Once “not provided” data started replacing real keywords in Google Analytics, cynics believed all was lost when it came to information available in Google Analytics. However, when Demographic reports were launched in 2013, a whole new world of data became available to help us understand our audience. Let’s take a look at what is available to us now.
Demographics: Age and Gender
From the Overview section, you have a glance of your visitors by age and gender. You can change the small drop-down menu above the overview charts to look at new sessions, average time spent, bounce rate, and pages/session. These basic metrics are not new to people who have used analytics for a while. However, the ability to look at these metrics by age and gender will help determine if your preferred audience is coming to the site and interacting with it as you had hoped.

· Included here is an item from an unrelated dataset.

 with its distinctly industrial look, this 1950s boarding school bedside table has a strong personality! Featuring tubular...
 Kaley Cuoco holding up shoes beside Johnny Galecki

Think about just the age metric for a minute. Is your brand more relevant for millennials or seniors? I have one retail client that caters primarily to the 45-54 year old crowd. I looked at that specific age group in their account and added a secondary dimension of traffic source. Although they received more of these visitors through organic search, the ones they received through their email list were more likely to make a purchase. This makes sense since their email is going to people who request it and are already fans. If the reverse was true, meaning people who were 45-54 bought more when they came in organically, it might indicate a problem with the content in their e-news which is valuable data to have. Basically, this information can be used for troubleshooting if a strategy does not seem to be going well.
I can also see that one of their social media channels is not bringing in a significant number of visitors in this age group. However, when they do visit the site from this particular channel, they are highly likely to make a purchase. In fact, this channel had a 9% conversion rate over one month! Knowing this information helps the retailer see that efforts on their social media is producing a good return for their targeted age group when the link is clicked.
The same thing can be done with gender. Since this client provides high end home and fashion that appeal primarily to women, it is no surprise that females represent 75% of their traffic and 90% of their revenue. However, that other 10% is coming from males so that demographic should not be completely ignored.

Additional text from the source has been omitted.